R$ 1 milhão de prejuízo, por dia, em média
O balanço de 2019, publicado pelo clube na quarta-feira, ajuda a entender toda a turbulência vivida pelo Cruzeiro nos últimos meses. A dívida total ultrapassa R$ 800 milhões. Só no ano passado, o déficit foi de R$ 394 milhões. Representa R$ 1.079.728,69 de prejuízo a cada dia, em média.
– Eu tenho no meu arquivo cerca 600 balanços financeiros de clube do Brasil inteiro, o mais antigo é do São Paulo de 1943… Eu nunca vi um algo tão ruim, tão assustador, tão pavoroso quanto o do Cruzeiro de 2019 – diz o jornalista Rodrigo Capelo.
“O buraco que enfiaram o Cruzeiro no ano passado é incomparável em relação a qualquer outro envolvendo clubes de futebol no Brasil” (Rodrigo Capelo)
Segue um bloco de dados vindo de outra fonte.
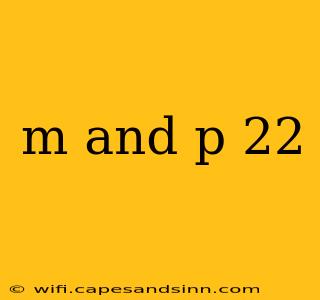 m and p 22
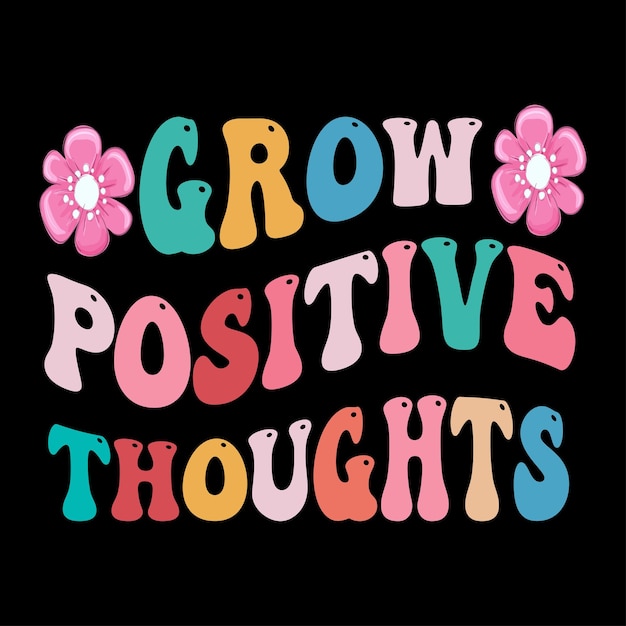 Grow positive thoughts retro wavy t shirt design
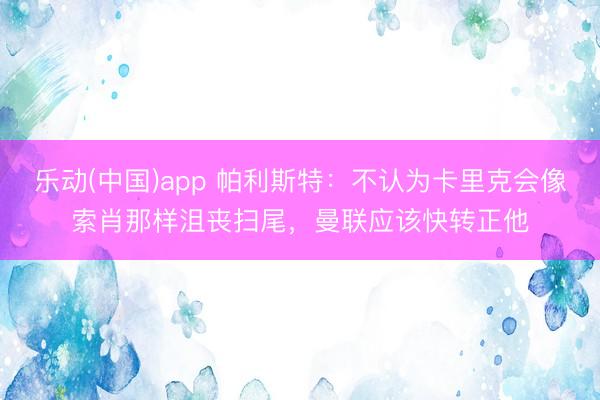 乐动(中国)app 帕利斯特：不认为卡里克会像索肖那样沮丧扫尾，曼联应该快转正他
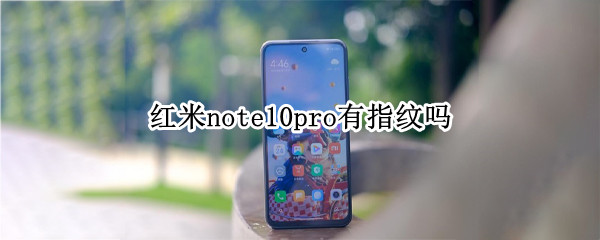 红米note10pro有指纹吗 红米note10pro有无指纹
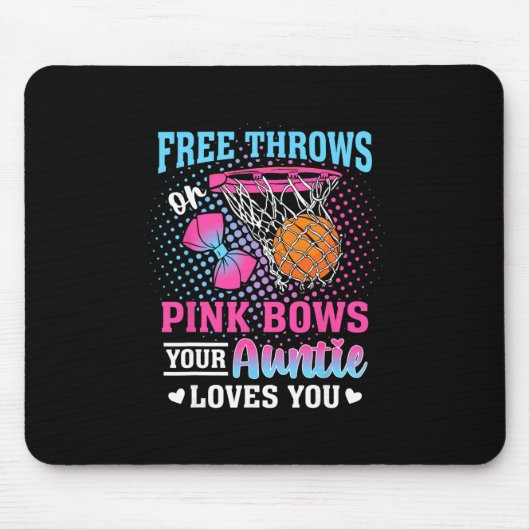 Free Throws Or Pink Bows Your Auntie Loves You Gen Mousepad (Vorne)
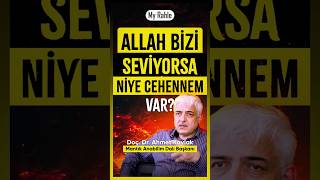 Allah Bizi Seviyorsa Niye Cehennem Var? - Doç. Dr. Ahmet Kavlak - My Rahle #short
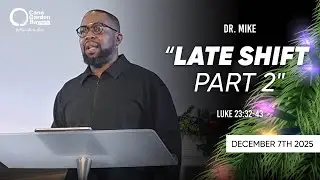 Late Shift Pt  2: Never Too Late | Rev. Dr. Michael A. Turnbull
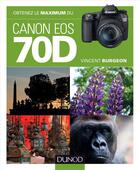 Couverture du livre « Obtenez le maximum du Canon EOS 70D » de Vincent Burgeon aux éditions Dunod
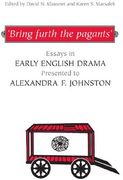 bring furth the pagants: essays in early english drama presented to alexandra f. johnston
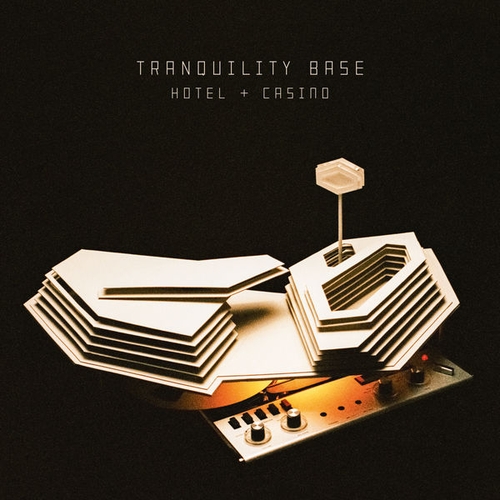 Couverture TRANQUILITY BASE HOTEL + CASINO de ARCTIC MONKEYS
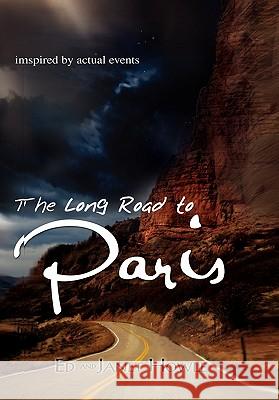 The Long Road to Paris Ed Howle Janet Howle 9781456818593 Xlibris Corporation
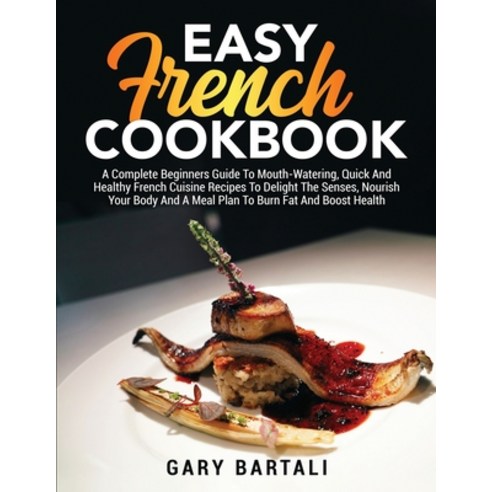 (영문도서) Easy French Cookbook: A Complete Beginners Guide To Mouth-Watering Quick And Healthy French ... Paperback, Gary Bartali, English, 9781803019451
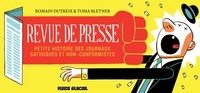 Romain Dutreix et Toma Bletner - Revue de presse - Petite histoire des journaux satiriques et non-conformistes.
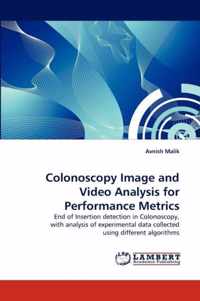 Colonoscopy Image and Video Analysis for Performance Metrics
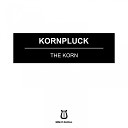 Kornpluck - You Give Me Something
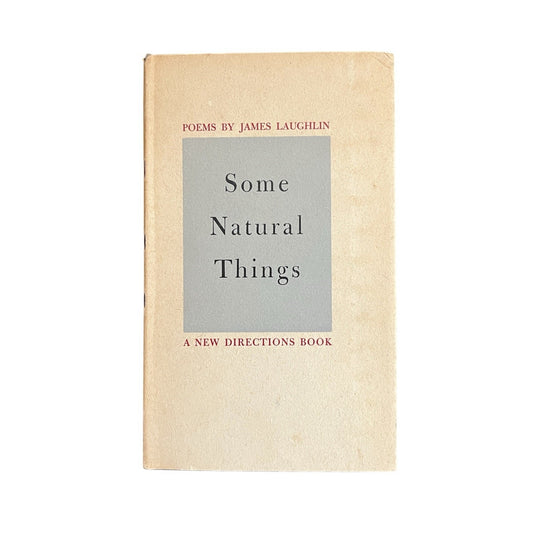 Some Natural Things: Poems by James Laughlin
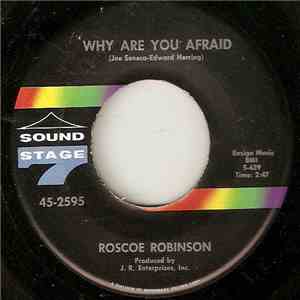 Roscoe Robinson - Why Are You Afraid / Darling, Please Tell Me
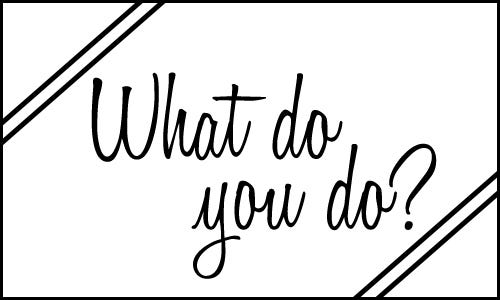 How to Answer the Question: “So What Do You Do…?” | by Olivia Kantyka |  Your Legal Lens | Medium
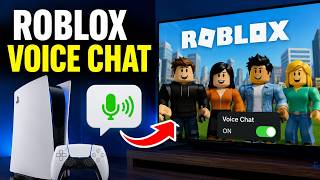 How to Activate Roblox Voice Chat in 2026 (PS5, PS5 &amp; XBox) | Get Roblox Voice Chat on PS5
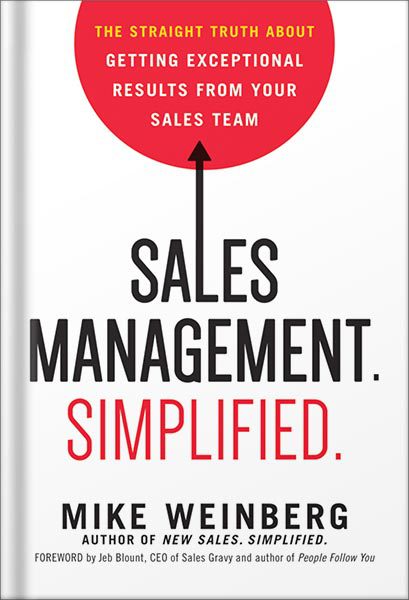 دانلود کتاب فارسی Sales Management. Simplified.: The Straight Truth About Getting Exceptional Results from Your Sales Team by Mike Weinberg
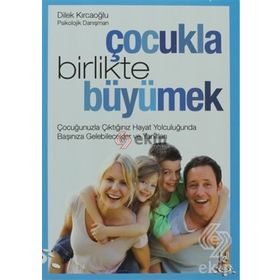 ÇOCUKLA BIRLIKTE BÜYÜMEK - DILEK KIRCAOĞLU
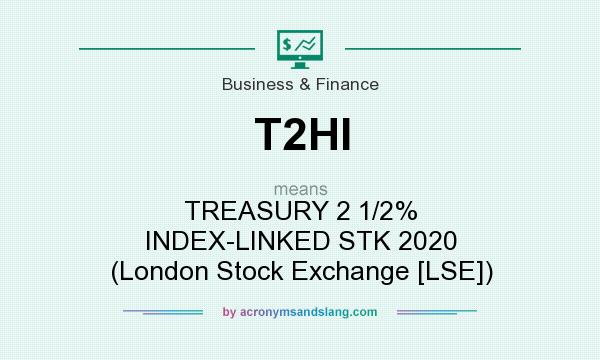 What does T2HI mean? It stands for TREASURY 2 1/2% INDEX-LINKED STK 2020 (London Stock Exchange [LSE])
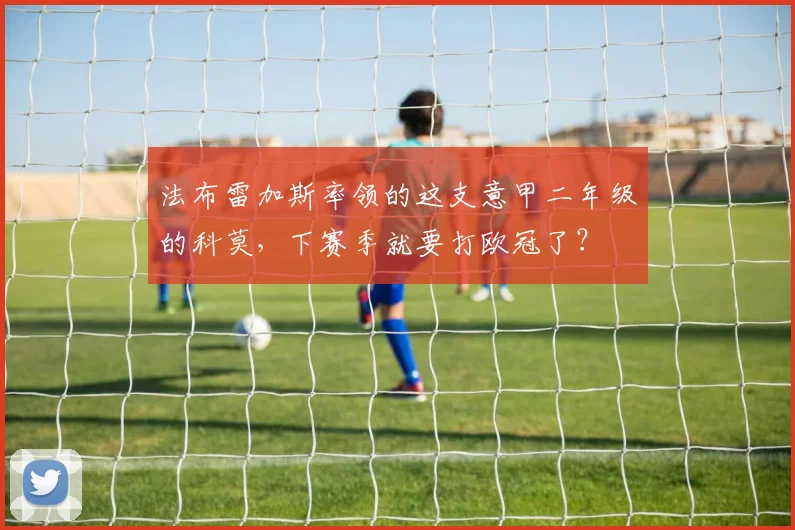 法布雷加斯率领的这支意甲二年级的科莫，下赛季就要打欧冠了？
Uma empresa de investigação administrativa foi contratada pelo conselho gestor. O relatório aponta possíveis irregularidades cometidas na gestão do ex-presidente Wagner Pires de Sá. Entre os mais de R$ 80 mil reais gastos com os cartões corporativos do clube, entre 2018 e 2019… Chama atenção uma despesa realizada em casa de entretenimento adulto, na cidade do Porto, em Portugal, em maio de 2018.
A conta: 565 euros, ou R$ 2.600 na época. Nas redes sociais, fotos mostram shows, eventos com dança e festas no local. No registro, a Bónusmelodia Unipessoal LTDA tem como atividade principal “estabelecimento de bebidas com espaço de dança”. O ex-presidente Wagner Pires de Sá justificou a despesa.
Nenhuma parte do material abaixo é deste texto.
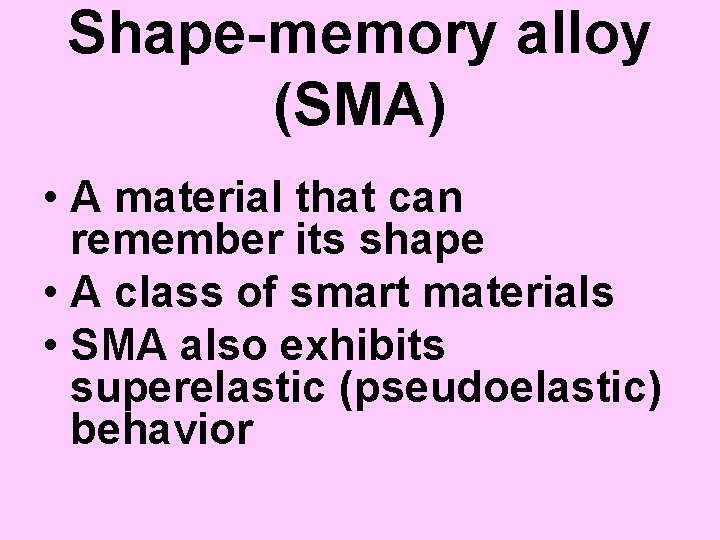 Shape-memory alloy (SMA) • A material that can remember its shape • A class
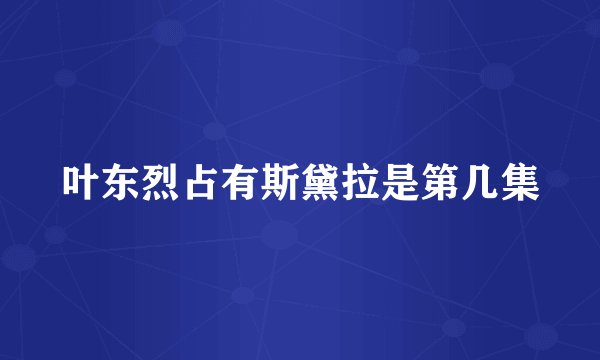叶东烈占有斯黛拉是第几集
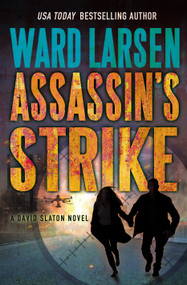 Assassin's Strike (A David Slaton Novel) by Ward Larsen, 9781250436320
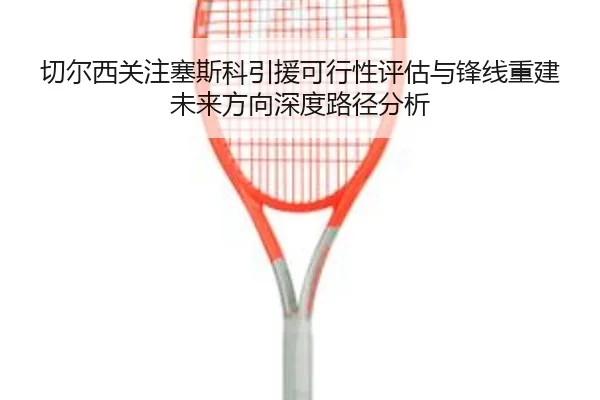 切尔西关注塞斯科引援可行性评估与锋线重建未来方向深度路径分析 - kaiyun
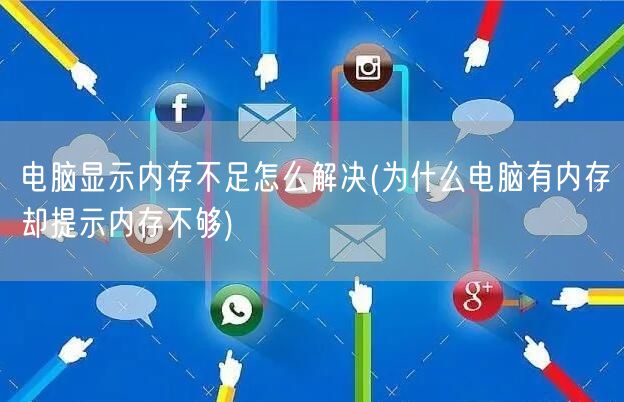 电脑显示内存不足怎么解决(为什么电脑有内存却提示内存不够)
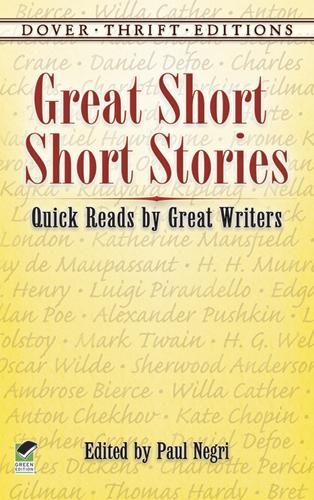 Great Short Short Stories: Quick Reads by Great Writers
Esporte Espetacular: Esses gastos foram só com comida?
Wagner Pires: Só comida, só comida. Se fosse mesmo um negócio no exterior, isso ai, pelo que eles falam, fica parecendo que é casa de negócio. Uma mulher lá é mil dólar, 2 mil dólares (risos)…
“O que o clube quer amplamente, neste momento, é o ressarcimento de tudo que foi, de forma indevida, retirado dos cofres do clube” (Kris Brettas, superintendente jurídico do Cruzeiro)
A má gestão levou o Cruzeiro a perder jogadores. Com atrasos nos salários, seis atletas buscaram a Justiça pra deixar o clube. Entre eles, o goleiro Rafael, que se acertou com o Atlético-MG, o meia-atacante Thiago Neves, que foi contratado pelo Grêmio; e o atacante Fred, com liminar favorável e em vias de acerto no Fluminense.
A coleção de processos é grande. Membros da comissão de Mano Menezes, Rogério Ceni e Abel Braga entraram com ação trabalhista. Nessa semana, o próprio Mano acionou o clube pra cobrar um dívida de mais de R$ 5 milhões. Pra enxugar os gastos, 110 pessoas pessoas foram demitidas.